Emphasis on "playful and game-like" here; I do not at all necessarily mean MMORPG-style leveling mechanics. As I write in Making a Metaverse That Matters:
This cultural resistance to Second Life not being a game had real consequences which not only hurt user growth, but caused Linden Lab to ignore easy opportunities... The misconception persists today, even beyond Second Life; it is fashionable among many tech evangelists to argue that while the Metaverse may begin with game platforms, it will inevitably slough off its ludic carapace to become an immersive Internet with many multiple- use cases, completely separate from gaming.
In my view, all this misses a fundamental realization:
The very act of pretending that 3D graphics are a “world” inhabited by fantastic avatars is itself a game — as primal and basic a rule set as what we formulate on the fly while playing with each other on the playground as kids.
The grass is lava. Dinosaurs are here and they want to eat us. The pixels on the display screen in front of us are actually a humanoid fox who’s also an officer in Starfleet Command.
Fixated on turning Second Life into a “3D web,”, Linden Lab lost sight of how virtual worlds and the Metaverse itself are essentially whimsical and playful...
For the same reason that no company has intentionally created a metaverse platform that has reached mass adoption, none has succeeded without a game structure. That ludic framework may be as explicitly gamelike as Fortnite, or as meta as VRChat’s karmic trust system, where continued good behavior earns greater access...
As it happens, games are also the most proven way to satisfy Philip Rosedale’s ultimate goal for the Metaverse to be a platform as openly convivial as Burning Man. For the 80,000 or so souls who attend the Black Rock festival yearly, it may be easy to meet anyone there (most of whom, by a happy coincidence, happen to be various levels of stoned, attractive, and naked). For the rest of the world, it might be a good idea to first play a game together. It’s no coincidence that most Third Spaces, from pubs and bars to parks and beaches, also center games as a primary social lubricant.

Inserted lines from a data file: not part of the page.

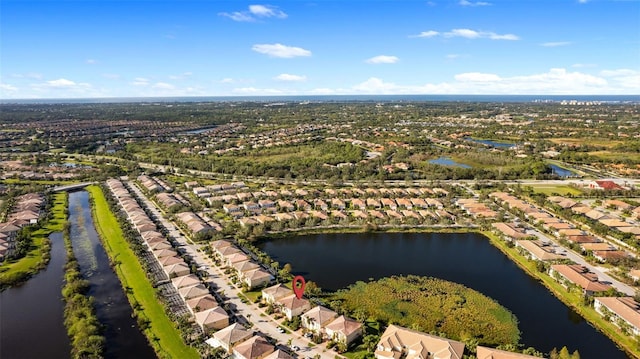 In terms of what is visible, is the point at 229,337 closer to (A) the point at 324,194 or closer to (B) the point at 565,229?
(A) the point at 324,194

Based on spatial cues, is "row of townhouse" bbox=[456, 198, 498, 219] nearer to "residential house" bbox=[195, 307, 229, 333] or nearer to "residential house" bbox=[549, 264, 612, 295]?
"residential house" bbox=[549, 264, 612, 295]

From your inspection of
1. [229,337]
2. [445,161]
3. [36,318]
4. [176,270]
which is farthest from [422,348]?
[445,161]

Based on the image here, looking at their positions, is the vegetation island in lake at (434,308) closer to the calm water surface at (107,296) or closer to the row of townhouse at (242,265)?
the row of townhouse at (242,265)

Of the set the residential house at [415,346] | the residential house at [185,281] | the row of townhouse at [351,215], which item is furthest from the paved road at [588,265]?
the residential house at [185,281]

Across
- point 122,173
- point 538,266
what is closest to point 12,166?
point 122,173

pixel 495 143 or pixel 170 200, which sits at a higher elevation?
pixel 170 200

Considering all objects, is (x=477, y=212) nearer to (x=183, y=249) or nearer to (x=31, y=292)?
(x=183, y=249) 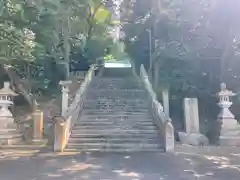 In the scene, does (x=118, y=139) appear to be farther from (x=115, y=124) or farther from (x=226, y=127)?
(x=226, y=127)

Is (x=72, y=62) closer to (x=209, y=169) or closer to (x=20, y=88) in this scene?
(x=20, y=88)

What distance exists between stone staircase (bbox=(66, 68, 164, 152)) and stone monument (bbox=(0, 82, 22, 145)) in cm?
245

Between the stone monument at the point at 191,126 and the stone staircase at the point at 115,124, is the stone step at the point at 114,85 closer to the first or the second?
the stone staircase at the point at 115,124

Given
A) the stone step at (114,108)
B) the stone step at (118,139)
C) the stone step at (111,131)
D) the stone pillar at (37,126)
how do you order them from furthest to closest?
1. the stone step at (114,108)
2. the stone pillar at (37,126)
3. the stone step at (111,131)
4. the stone step at (118,139)

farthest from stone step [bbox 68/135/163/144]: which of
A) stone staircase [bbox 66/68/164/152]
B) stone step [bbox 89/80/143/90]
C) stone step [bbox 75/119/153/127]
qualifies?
stone step [bbox 89/80/143/90]

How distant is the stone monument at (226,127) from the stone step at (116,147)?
10.7 ft

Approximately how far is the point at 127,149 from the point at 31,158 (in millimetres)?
3042

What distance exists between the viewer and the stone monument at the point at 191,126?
12992 mm

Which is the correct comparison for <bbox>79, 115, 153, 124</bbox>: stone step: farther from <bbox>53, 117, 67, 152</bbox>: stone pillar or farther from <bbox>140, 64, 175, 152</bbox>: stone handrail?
<bbox>53, 117, 67, 152</bbox>: stone pillar

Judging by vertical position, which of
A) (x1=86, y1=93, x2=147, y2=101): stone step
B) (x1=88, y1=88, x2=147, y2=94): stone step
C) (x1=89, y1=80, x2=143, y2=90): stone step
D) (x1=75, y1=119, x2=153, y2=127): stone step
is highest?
(x1=89, y1=80, x2=143, y2=90): stone step

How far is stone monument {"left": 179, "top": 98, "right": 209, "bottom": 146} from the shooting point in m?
13.0

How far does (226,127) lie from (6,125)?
8700 mm

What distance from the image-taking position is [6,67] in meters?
16.0

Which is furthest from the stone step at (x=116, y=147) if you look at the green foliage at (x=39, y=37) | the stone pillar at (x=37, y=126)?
the green foliage at (x=39, y=37) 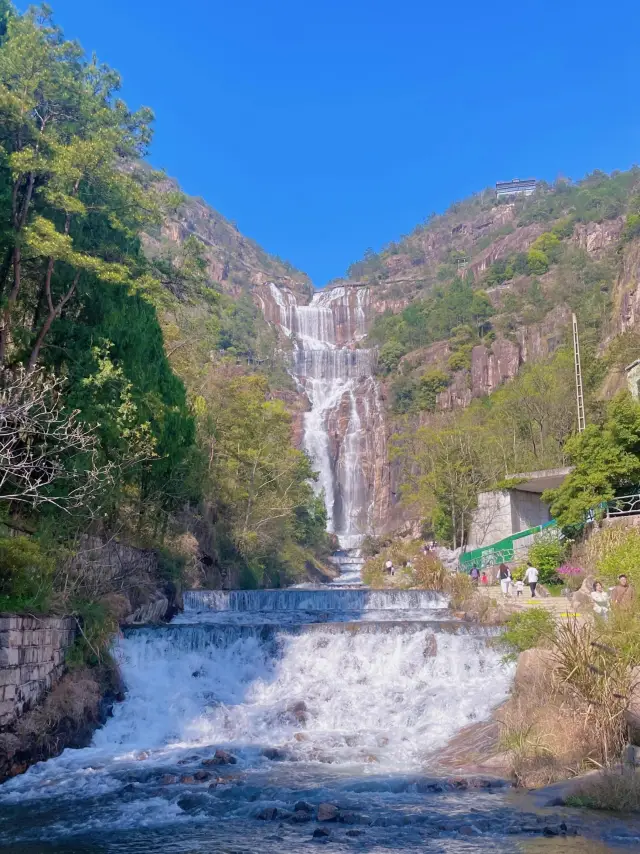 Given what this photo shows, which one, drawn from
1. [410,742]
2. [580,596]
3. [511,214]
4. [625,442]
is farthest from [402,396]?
[511,214]

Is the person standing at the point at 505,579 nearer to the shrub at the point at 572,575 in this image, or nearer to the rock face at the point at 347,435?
the shrub at the point at 572,575

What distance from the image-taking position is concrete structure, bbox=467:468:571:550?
94.2 ft

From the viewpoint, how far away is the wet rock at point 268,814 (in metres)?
7.85

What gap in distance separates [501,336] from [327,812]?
62039 millimetres

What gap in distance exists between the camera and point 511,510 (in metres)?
28.8

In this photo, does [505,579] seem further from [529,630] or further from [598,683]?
[598,683]

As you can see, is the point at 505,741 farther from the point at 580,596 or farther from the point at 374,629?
the point at 580,596

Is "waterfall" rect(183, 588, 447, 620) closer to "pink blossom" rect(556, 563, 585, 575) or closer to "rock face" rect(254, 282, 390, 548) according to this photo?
"pink blossom" rect(556, 563, 585, 575)

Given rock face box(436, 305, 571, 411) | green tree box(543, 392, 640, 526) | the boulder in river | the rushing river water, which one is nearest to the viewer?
the rushing river water

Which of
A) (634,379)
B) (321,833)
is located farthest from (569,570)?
(321,833)

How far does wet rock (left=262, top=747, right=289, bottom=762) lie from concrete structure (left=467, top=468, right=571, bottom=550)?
19.4 meters

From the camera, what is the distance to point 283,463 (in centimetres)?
3338

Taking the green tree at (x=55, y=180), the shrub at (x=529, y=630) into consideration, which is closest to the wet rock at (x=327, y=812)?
the shrub at (x=529, y=630)

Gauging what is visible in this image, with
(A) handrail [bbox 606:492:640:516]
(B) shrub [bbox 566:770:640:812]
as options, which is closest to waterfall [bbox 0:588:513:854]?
(B) shrub [bbox 566:770:640:812] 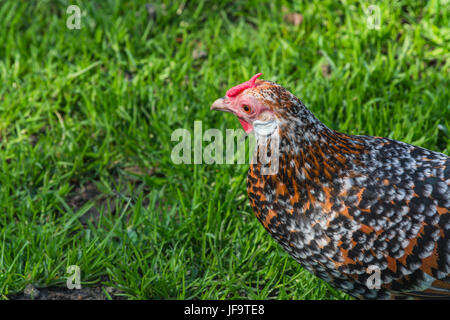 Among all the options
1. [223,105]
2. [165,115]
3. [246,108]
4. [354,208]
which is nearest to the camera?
[354,208]

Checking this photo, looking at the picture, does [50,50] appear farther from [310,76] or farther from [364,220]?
[364,220]

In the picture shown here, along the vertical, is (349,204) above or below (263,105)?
below

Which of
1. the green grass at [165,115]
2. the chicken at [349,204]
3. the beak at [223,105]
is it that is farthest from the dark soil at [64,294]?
the beak at [223,105]

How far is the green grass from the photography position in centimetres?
336

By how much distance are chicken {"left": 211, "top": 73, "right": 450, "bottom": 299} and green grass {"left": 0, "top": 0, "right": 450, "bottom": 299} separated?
0.62 meters

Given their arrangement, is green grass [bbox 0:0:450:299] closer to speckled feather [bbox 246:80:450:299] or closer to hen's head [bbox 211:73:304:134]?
speckled feather [bbox 246:80:450:299]

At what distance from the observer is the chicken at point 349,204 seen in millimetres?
2599

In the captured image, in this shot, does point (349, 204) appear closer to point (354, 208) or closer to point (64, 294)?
point (354, 208)

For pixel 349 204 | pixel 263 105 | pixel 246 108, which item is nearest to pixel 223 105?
pixel 246 108

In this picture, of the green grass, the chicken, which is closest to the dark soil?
the green grass

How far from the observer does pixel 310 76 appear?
14.5 ft

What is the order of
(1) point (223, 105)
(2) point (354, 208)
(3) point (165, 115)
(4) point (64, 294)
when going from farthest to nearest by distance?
(3) point (165, 115) < (4) point (64, 294) < (1) point (223, 105) < (2) point (354, 208)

> Fixated on turning Second Life into a “3D web,”
It looks like so and they didn't make it so good either.
In the late 90s and early 2000s, since the 3D game engines were successful, it was thought 3D was the next thing: 3D desktop, 3D web...
In 2010 I'm not sure how many people were still thinking of that, but since 2010, SL Viewer 2 and the following versions have been made like a web-browser.
It has a few pros, though, and it's not so bad to teleport to favorite locations, going back, or back to home, or copying and pasting a SL-URL into the address bar. Other virtual worlds do most of that with a different interface, though.
But it is a "web-browser" that crashes every few times you change "page" (when you teleport, let alone the embarrassing things in the earlier days), a web-browser that sometimes struggles at downloading "images" (textures remaining blurry or gray), with a cache barely functional, ... also "web masters/mistresses" who make "web-sites" (regions/places) in ways that don't help.
Other than creating (or marketing SL as) a Roblox for grown-ups, Linden Lab had other problems, with the way they developed their software: SL had and still has multiple issues, being a bug-ridden, not so user-friendly software, with a poor first time user experience.
And you also need a bit of luck: without the media buzz and hype in 2006-2007, that attracted people looking for money, gambling, virtual hookers, future business, that tempted even the big corporations, until it turned out it was not so much the case, ... would SL have been so much more successful than Active Worlds or There? Attachment (to your friends, investments, experiences, items, ...) made some people stay anyway, but that's true also for AW.
Neither LL nor Rosedale managed to make another "successful" virtual world, despite their previous experiences. They flopped entirely. I'm not even sure if they know why SL worked at least the way it worked or the users made it work despite LL's management.
And SL residents may be not the best sample to ask for this, as they are the sole survivors among so many who gave up (let alone who avoided SL entirely). By the way, you can socialize, make real friends and love stories in any MMORPG too.